** Dataset content follows **

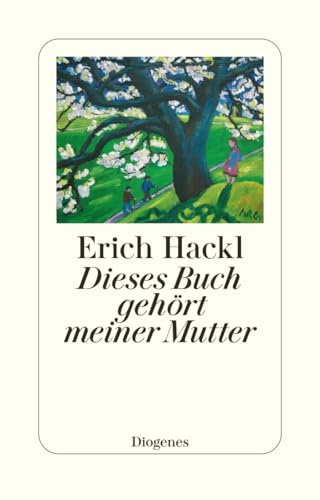 Dieses Buch gehört meiner Mutter (detebe) von Diogenes Verlag AG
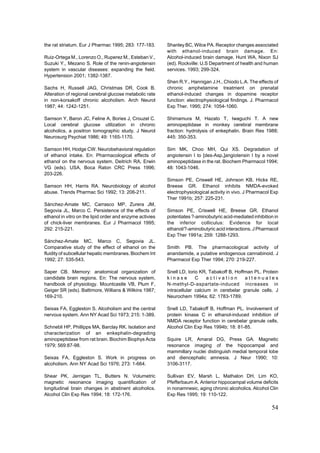 the rat striatum. Eur J Pharmac 1995; 283: 177-183.       Shanley BC, Wilce PA. Receptor changes associated
                                                          with ethanol-induced brain damage. En:
Ruiz-Ortega M., Lorenzo O., Ruperez M., Esteban V.,       Alcohol-induced brain damage. Hunt WA, Nixon SJ
Suzuki Y., Mezano S. Role of the renin-angiotensin        (ed). Rockville: U.S Department of health and human
system in vascular diseases: expanding the field.         services. 1993; 299-324.
Hypertension 2001; 1382-1387.
                                                          Shen R.Y., Hannigan J.H., Chiodo L.A. The effects of
Sachs H, Russell JAG, Christmas DR, Cook B.               chronic amphetamine treatment on prenatal
Alteration of regional cerebral glucose metabolic rate    ethanol-induced changes in dopamine receptor
in non-korsakoff chronic alcoholism. Arch Neurol          function: electrophysiological findings. J. Pharmacol
1987; 44: 1242-1251.                                      Exp Ther. 1995; 274: 1054-1060.

Samson Y, Baron JC, Feline A, Bories J, Crouzel C.        Shimamura M, Hazato T, Iwaguchi T. A new
Local cerebral glucose utilization in chronic             aminopeptidase in monkey cerebral membrane
alcoholics, a positron tomographic study. J Neurol        fraction: hydrolysis of enkephalin. Brain Res 1988;
Neurosurg Psychiat 1986; 49: 1165-1170.                   445: 350-353.

Samson HH, Hodge CW. Neurobehavioral regulation           Sim MK, Choo MH, Qui XS. Degradation of
of ethanol intake. En: Pharmacological effects of         angiotensin I to [des-Asp1]angiotensin I by a novel
ethanol on the nervous system. Deitrich RA, Erwin         aminopeptidase in the rat. Biochem Pharmacol 1994;
VG (eds). USA, Boca Raton CRC Press 1996;                 48: 1043-1046.
203-226.
                                                          Simson PE, Criswell HE, Johnson KB, Hicks RE,
Samson HH, Harris RA. Neurobiology of alcohol             Breese GR. Ethanol inhibits NMDA-evoked
abuse. Trends Pharmac Sci 1992; 13: 206-211.              electrophysiological activity in vivo. J Pharmacol Exp
                                                          Ther 1991b; 257: 225-231.
Sánchez-Amate MC, Carrasco MP, Zurera JM,
Segovia JL, Marco C. Persistence of the effects of        Simson PE, Criswell HE, Breese GR. Ethanol
ethanol in vitro on the lipid order and enzyme activies   potentiates ?-aminobutyric acid-mediated inhibition in
of chick-liver membranes. Eur J Pharmacol 1995;           the inferior colliculus: Evidence for local
292: 215-221.                                             ethanol/?-aminobutyric acid interactions. J Pharmacol
                                                          Exp Ther 1991a; 259: 1288-1293.
Sánchez-Amate MC, Marco C, Segovia JL.
Comparative study of the effect of ethanol on the         Smith PB. The pharmacological activity of
fluidity of subcellular hepatic membranes. Biochem Int    anandamide, a putative endogenous cannabinoid. J
1992; 27: 535-543.                                        Pharmacol Exp Ther 1994; 270: 219-227.

Saper CB. Memory: anatomical organization of              Snell LD, Iorio KR, Tabakoff B, Hoffman PL. Protein
candidate brain regions. En: The nervous system,          kinase        C     activation      attenuates
handbook of physiology. Mountcastle VB, Plum F,           N-methyl-D-aspartate-induced increases in
Geiger SR (eds). Baltimore, Willians & Wilkins 1987;      intracellular calcium in cerebelar granule cells. J
169-210.                                                  Neurochem 1994a; 62: 1783-1789.

Seixas FA, Eggleston S. Alcoholism and the central        Snell LD, Tabakoff B, Hoffman PL. Involvement of
nervous system. Ann NY Acad Sci 1973; 215: 1-389.         protein kinase C in ethanol-induced inhibition of
                                                          NMDA receptor function in cerebelar granule cells.
Schnebli HP, Phillipps MA, Barclay RK. Isolation and      Alcohol Clin Exp Res 1994b; 18: 81-85.
characterization of an enkephalin-degrading
aminopeptidase from rat brain. Biochim Biophys Acta       Squire LR, Amaral DG, Press GA. Magnetic
1979; 569:87-98.                                          resonance imaging of the hippocampal and
                                                          mammillary nuclei distinguish medial temporal lobe
Seixas FA, Eggleston S. Work in progress on               and diencephalic amnesia. J Neur 1990; 10:
alcoholism. Ann NY Acad Sci 1976; 273: 1-664.             3106-3117.

Shear PK, Jernigan TL, Butters N. Volumetric              Sullivan EV, Marsh L, Mathalon DH, Lim KO,
magnetic resonance imaging quantification of              Pfefferbaum A. Anterior hippocampal volume deficits
longitudinal brain changes in abstinent alcoholics.       in nonamnesic, aging chronic alcoholics. Alcohol Clin
Alcohol Clin Exp Res 1994; 18: 172-176.                   Exp Res 1995; 19: 110-122.

                                                                                                            54
 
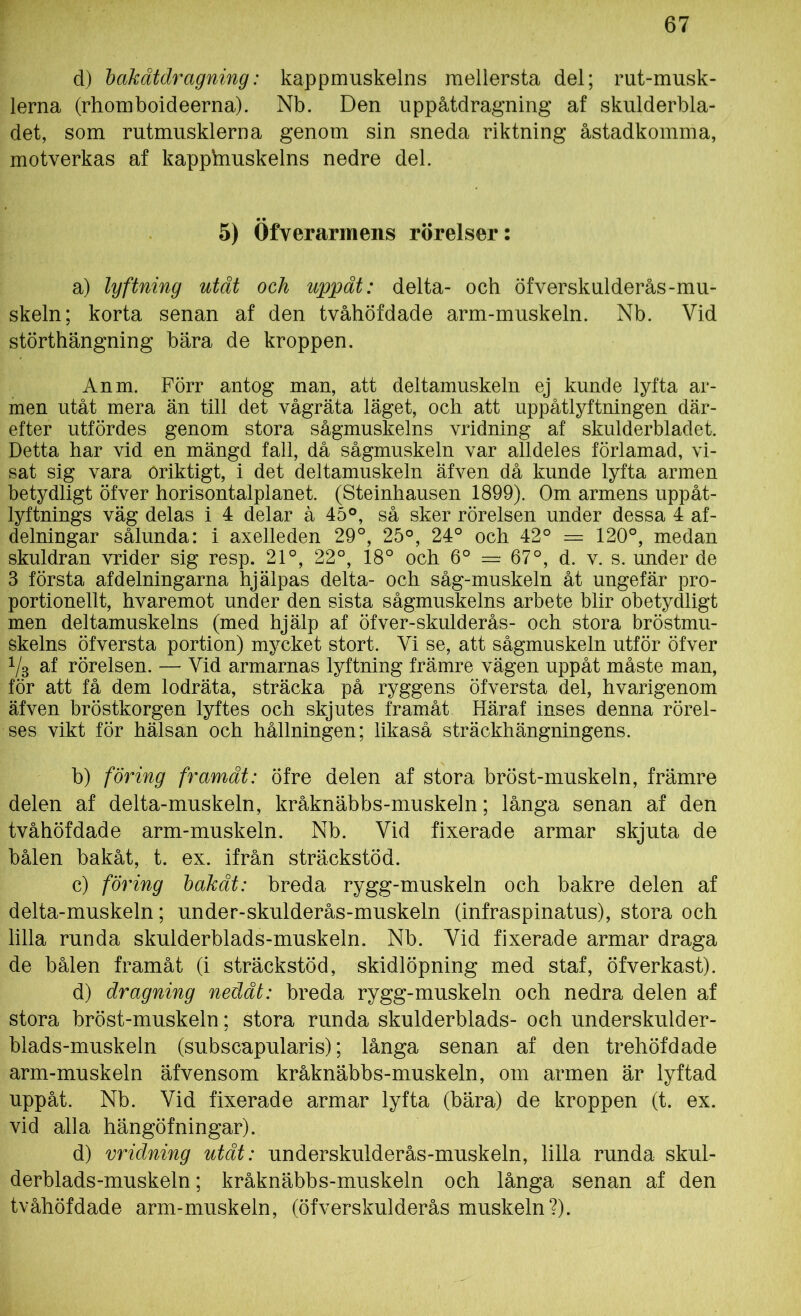 d) bakåtdragning: kappmuskelns mellersta del; rut-musk- lerna (rhomboideerna). Nb. Den uppåtdragning af skulderbla- det, som rutmusklerna genom sin sneda riktning åstadkomma, motverkas af kappfnuskelns nedre del. 5) Öfverarmens rörelser: a) lyftning utåt och uppåt: delta- och öfverskulderås-mu- skeln; korta senan af den tvåhöfdade arm-muskeln. Nb. Vid störthängning bära de kroppen. Anm. Förr antog man, att deltamuskeln ej kunde lyfta ar- men utåt mera än till det vågräta läget, och att uppåtlyftningen där- efter utfördes genom stora sågmuskelns vridning af skulderbladet. Detta har vid en mängd fall, då sågmuskeln var alldeles förlamad, vi- sat sig vara oriktigt, i det deltamuskeln äfven då kunde lyfta armen betydligt öfver horisontalplanet. (Steinhausen 1899). Om armens uppåt- lyftnings väg delas i 4 delar å 45°, så sker rörelsen under dessa 4 af- delningar sålunda: i axelleden 29°, 25°, 24° och 42° = 120°, medan skuldran vrider sig resp. 21°, 22°, 18° och 6° — 67°, d. v. s. under de 3 första af delningarna hjälpas delta- och såg-muskeln åt ungefär pro- portionellt, hvaremot under den sista sågmuskelns arbete blir obetydligt men deltamuskelns (med hjälp af öfver-skulderås- och stora bröstmu- skelns öfversta portion) mycket stort. Vi se, att sågmuskeln utför öfver Vb af rörelsen. —- Vid armarnas lyftning främre vägen uppåt måste man, för att få dem lodräta, sträcka på ryggens öfversta del, hvarigenom äfven bröstkorgen lyftes och skjutes framåt Häraf inses denna rörel- ses vikt för hälsan och hållningen; likaså sträckhängningens. b) föring framåt: öfre delen af stora bröst-muskeln, främre delen af delta-muskeln, kråknäbbs-muskeln; långa senan af den tvåhöfdade arm-muskeln. Nb. Vid fixerade armar skjuta de bålen bakåt, t. ex. ifrån sträckstöd. c) föring bakåt: breda rygg-muskeln och bakre delen af delta-muskeln; under-skulderås-muskeln (infraspinatus), stora och lilla runda skulderblads-muskeln. Nb. Vid fixerade armar draga de bålen framåt (i sträckstöd, skidlöpning med staf, öfverkast). d) dragning nedåt: breda rygg-muskeln och nedra delen af stora bröst-muskeln; stora runda skulderblads- och underskulder- blads-muskeln (subscapularis); långa senan af den trehöfdade arm-muskeln äfvensom kråknäbbs-muskeln, om armen är lyftad uppåt. Nb. Vid fixerade armar lyfta (bära) de kroppen (t. ex. vid alla hängöfningar). d) vridning utåt: underskulderås-muskeln, lilla runda skul- derblads-muskeln; kråknäbbs-muskeln och långa senan af den tvåhöfdade arm-muskeln, (öfverskulderås muskeln?).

** End of Dataset content **

### About this exercise
Output the records above exactly as written, but leave out the pictures.

### Finished exercise
 Dieses Buch gehört meiner Mutter (detebe) von Diogenes Verlag AG
 the rat striatum. Eur J Pharmac 1995; 283: 177-183.       Shanley BC, Wilce PA. Receptor changes associated
                                                          with ethanol-induced brain damage. En:
Ruiz-Ortega M., Lorenzo O., Ruperez M., Esteban V.,       Alcohol-induced brain damage. Hunt WA, Nixon SJ
Suzuki Y., Mezano S. Role of the renin-angiotensin        (ed). Rockville: U.S Department of health and human
system in vascular diseases: expanding the field.         services. 1993; 299-324.
Hypertension 2001; 1382-1387.
                                                          Shen R.Y., Hannigan J.H., Chiodo L.A. The effects of
Sachs H, Russell JAG, Christmas DR, Cook B.               chronic amphetamine treatment on prenatal
Alteration of regional cerebral glucose metabolic rate    ethanol-induced changes in dopamine receptor
in non-korsakoff chronic alcoholism. Arch Neurol          function: electrophysiological findings. J. Pharmacol
1987; 44: 1242-1251.                                      Exp Ther. 1995; 274: 1054-1060.

Samson Y, Baron JC, Feline A, Bories J, Crouzel C.        Shimamura M, Hazato T, Iwaguchi T. A new
Local cerebral glucose utilization in chronic             aminopeptidase in monkey cerebral membrane
alcoholics, a positron tomographic study. J Neurol        fraction: hydrolysis of enkephalin. Brain Res 1988;
Neurosurg Psychiat 1986; 49: 1165-1170.                   445: 350-353.

Samson HH, Hodge CW. Neurobehavioral regulation           Sim MK, Choo MH, Qui XS. Degradation of
of ethanol intake. En: Pharmacological effects of         angiotensin I to [des-Asp1]angiotensin I by a novel
ethanol on the nervous system. Deitrich RA, Erwin         aminopeptidase in the rat. Biochem Pharmacol 1994;
VG (eds). USA, Boca Raton CRC Press 1996;                 48: 1043-1046.
203-226.
                                                          Simson PE, Criswell HE, Johnson KB, Hicks RE,
Samson HH, Harris RA. Neurobiology of alcohol             Breese GR. Ethanol inhibits NMDA-evoked
abuse. Trends Pharmac Sci 1992; 13: 206-211.              electrophysiological activity in vivo. J Pharmacol Exp
                                                          Ther 1991b; 257: 225-231.
Sánchez-Amate MC, Carrasco MP, Zurera JM,
Segovia JL, Marco C. Persistence of the effects of        Simson PE, Criswell HE, Breese GR. Ethanol
ethanol in vitro on the lipid order and enzyme activies   potentiates ?-aminobutyric acid-mediated inhibition in
of chick-liver membranes. Eur J Pharmacol 1995;           the inferior colliculus: Evidence for local
292: 215-221.                                             ethanol/?-aminobutyric acid interactions. J Pharmacol
                                                          Exp Ther 1991a; 259: 1288-1293.
Sánchez-Amate MC, Marco C, Segovia JL.
Comparative study of the effect of ethanol on the         Smith PB. The pharmacological activity of
fluidity of subcellular hepatic membranes. Biochem Int    anandamide, a putative endogenous cannabinoid. J
1992; 27: 535-543.                                        Pharmacol Exp Ther 1994; 270: 219-227.

Saper CB. Memory: anatomical organization of              Snell LD, Iorio KR, Tabakoff B, Hoffman PL. Protein
candidate brain regions. En: The nervous system,          kinase        C     activation      attenuates
handbook of physiology. Mountcastle VB, Plum F,           N-methyl-D-aspartate-induced increases in
Geiger SR (eds). Baltimore, Willians & Wilkins 1987;      intracellular calcium in cerebelar granule cells. J
169-210.                                                  Neurochem 1994a; 62: 1783-1789.

Seixas FA, Eggleston S. Alcoholism and the central        Snell LD, Tabakoff B, Hoffman PL. Involvement of
nervous system. Ann NY Acad Sci 1973; 215: 1-389.         protein kinase C in ethanol-induced inhibition of
                                                          NMDA receptor function in cerebelar granule cells.
Schnebli HP, Phillipps MA, Barclay RK. Isolation and      Alcohol Clin Exp Res 1994b; 18: 81-85.
characterization of an enkephalin-degrading
aminopeptidase from rat brain. Biochim Biophys Acta       Squire LR, Amaral DG, Press GA. Magnetic
1979; 569:87-98.                                          resonance imaging of the hippocampal and
                                                          mammillary nuclei distinguish medial temporal lobe
Seixas FA, Eggleston S. Work in progress on               and diencephalic amnesia. J Neur 1990; 10:
alcoholism. Ann NY Acad Sci 1976; 273: 1-664.             3106-3117.

Shear PK, Jernigan TL, Butters N. Volumetric              Sullivan EV, Marsh L, Mathalon DH, Lim KO,
magnetic resonance imaging quantification of              Pfefferbaum A. Anterior hippocampal volume deficits
longitudinal brain changes in abstinent alcoholics.       in nonamnesic, aging chronic alcoholics. Alcohol Clin
Alcohol Clin Exp Res 1994; 18: 172-176.                   Exp Res 1995; 19: 110-122.

                                                                                                            54
 
 d) bakåtdragning: kappmuskelns mellersta del; rut-musk- lerna (rhomboideerna). Nb. Den uppåtdragning af skulderbla- det, som rutmusklerna genom sin sneda riktning åstadkomma, motverkas af kappfnuskelns nedre del. 5) Öfverarmens rörelser: a) lyftning utåt och uppåt: delta- och öfverskulderås-mu- skeln; korta senan af den tvåhöfdade arm-muskeln. Nb. Vid störthängning bära de kroppen. Anm. Förr antog man, att deltamuskeln ej kunde lyfta ar- men utåt mera än till det vågräta läget, och att uppåtlyftningen där- efter utfördes genom stora sågmuskelns vridning af skulderbladet. Detta har vid en mängd fall, då sågmuskeln var alldeles förlamad, vi- sat sig vara oriktigt, i det deltamuskeln äfven då kunde lyfta armen betydligt öfver horisontalplanet. (Steinhausen 1899). Om armens uppåt- lyftnings väg delas i 4 delar å 45°, så sker rörelsen under dessa 4 af- delningar sålunda: i axelleden 29°, 25°, 24° och 42° = 120°, medan skuldran vrider sig resp. 21°, 22°, 18° och 6° — 67°, d. v. s. under de 3 första af delningarna hjälpas delta- och såg-muskeln åt ungefär pro- portionellt, hvaremot under den sista sågmuskelns arbete blir obetydligt men deltamuskelns (med hjälp af öfver-skulderås- och stora bröstmu- skelns öfversta portion) mycket stort. Vi se, att sågmuskeln utför öfver Vb af rörelsen. —- Vid armarnas lyftning främre vägen uppåt måste man, för att få dem lodräta, sträcka på ryggens öfversta del, hvarigenom äfven bröstkorgen lyftes och skjutes framåt Häraf inses denna rörel- ses vikt för hälsan och hållningen; likaså sträckhängningens. b) föring framåt: öfre delen af stora bröst-muskeln, främre delen af delta-muskeln, kråknäbbs-muskeln; långa senan af den tvåhöfdade arm-muskeln. Nb. Vid fixerade armar skjuta de bålen bakåt, t. ex. ifrån sträckstöd. c) föring bakåt: breda rygg-muskeln och bakre delen af delta-muskeln; under-skulderås-muskeln (infraspinatus), stora och lilla runda skulderblads-muskeln. Nb. Vid fixerade armar draga de bålen framåt (i sträckstöd, skidlöpning med staf, öfverkast). d) dragning nedåt: breda rygg-muskeln och nedra delen af stora bröst-muskeln; stora runda skulderblads- och underskulder- blads-muskeln (subscapularis); långa senan af den trehöfdade arm-muskeln äfvensom kråknäbbs-muskeln, om armen är lyftad uppåt. Nb. Vid fixerade armar lyfta (bära) de kroppen (t. ex. vid alla hängöfningar). d) vridning utåt: underskulderås-muskeln, lilla runda skul- derblads-muskeln; kråknäbbs-muskeln och långa senan af den tvåhöfdade arm-muskeln, (öfverskulderås muskeln?).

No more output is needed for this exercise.